Update restoreGaleraDb function
- Indentify Last shutdown node
- If galera:master is unreachable, try slaves
Fixes: PROD-24216 (PROD:24216)
Change-Id: I81c6da542ae7357fb77cb003cb3d5ce0e06d117f
(cherry picked from commit 9a5d6685d2737aa912a000dab7f5836cd627c517)

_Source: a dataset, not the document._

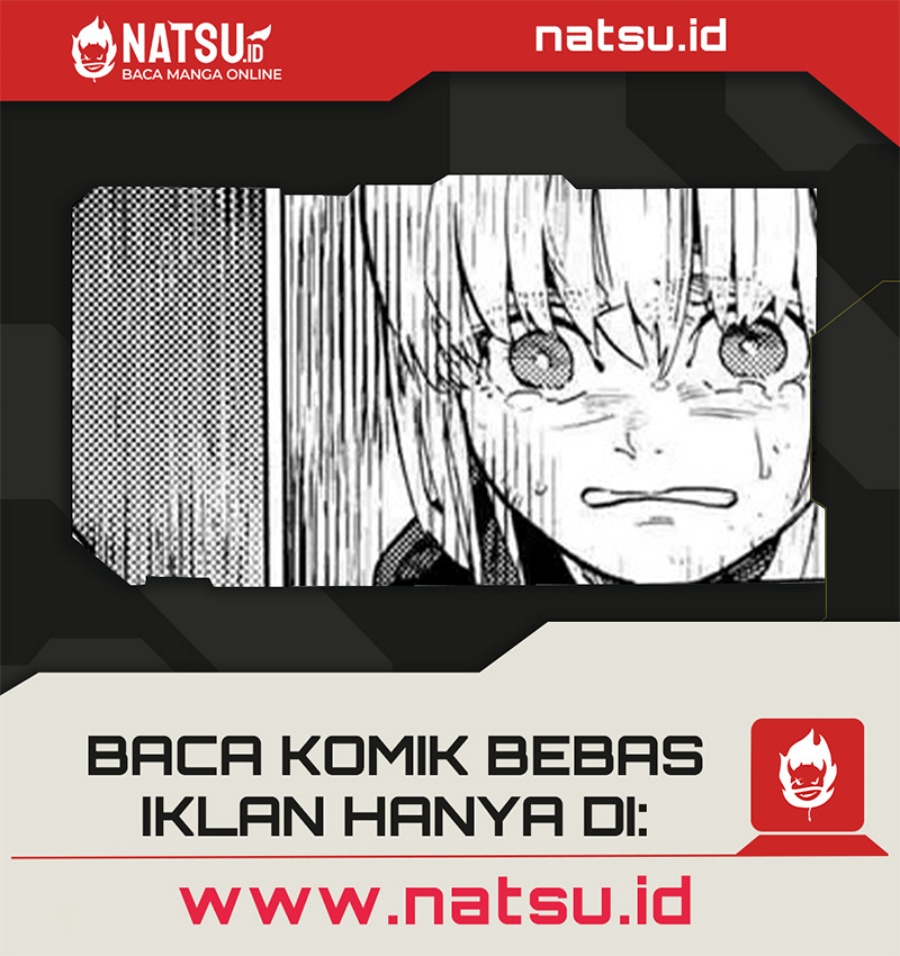 Dilarang COPAS - situs resmi www.mangacanblog.com - Komik juujika no rokunin 200 - chapter 200 201 Indonesia juujika no rokunin 200 - chapter 200 Terbaru 5|Baca Manga Komik Indonesia|Mangacan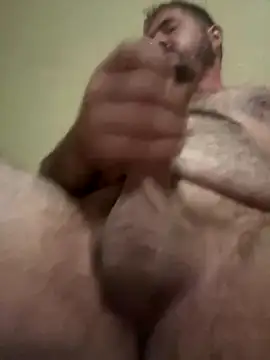 Snapshot of rodaisy chatting on October 2025 06:05:02 PM rodaisy online show from October 2025 06:05:02 PM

diff --git a/src/com/mirantis/mk/Openstack.groovy b/src/com/mirantis/mk/Openstack.groovy
index 8144986..c2236d8 100644
--- a/src/com/mirantis/mk/Openstack.groovy
+++ b/src/com/mirantis/mk/Openstack.groovy
@@ -535,28 +535,53 @@
* @param env Salt Connection object or pepperEnv
* @return resultCode int values used to determine exit status in the calling function
*/
-def verifyGaleraStatus(env) {
+def verifyGaleraStatus(env, slave=false) {
def salt = new com.mirantis.mk.Salt()
def common = new com.mirantis.mk.Common()
def out = ""
def status = "unknown"
- try {
- galeraMaster = salt.getMinions(env, "I@galera:master")
- common.infoMsg("Current Galera master is: ${galeraMaster}")

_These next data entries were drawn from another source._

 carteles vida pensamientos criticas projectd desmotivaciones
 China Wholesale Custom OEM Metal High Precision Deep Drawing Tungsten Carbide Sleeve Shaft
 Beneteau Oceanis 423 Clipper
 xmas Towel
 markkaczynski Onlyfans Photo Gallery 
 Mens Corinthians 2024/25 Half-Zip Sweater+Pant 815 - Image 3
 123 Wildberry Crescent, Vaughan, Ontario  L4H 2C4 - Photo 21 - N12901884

- salt.minionsReachable(env, "I@salt:master", "I@galera:master")
- } catch (Exception e) {
- common.errorMsg('Galera master is not reachable.')
- return 128
+ def testNode = ""
+ if (!slave) {
+ try {
+ galeraMaster = salt.getMinions(env, "I@galera:master")

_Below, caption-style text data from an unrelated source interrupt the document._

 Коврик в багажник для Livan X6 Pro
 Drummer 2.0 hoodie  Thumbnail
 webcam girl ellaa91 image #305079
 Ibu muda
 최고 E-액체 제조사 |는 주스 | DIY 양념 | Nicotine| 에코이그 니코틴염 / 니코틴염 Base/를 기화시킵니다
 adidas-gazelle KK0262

+ common.infoMsg("Current Galera master is: ${galeraMaster}")
+ salt.minionsReachable(env, "I@salt:master", "I@galera:master")
+ testNode = "I@galera:master"
+ } catch (Exception e) {
+ common.errorMsg('Galera master is not reachable.')
+ return 128
+ }
+ } else {
+ try {
+ galeraMinions = salt.getMinions(env, "I@galera:slave")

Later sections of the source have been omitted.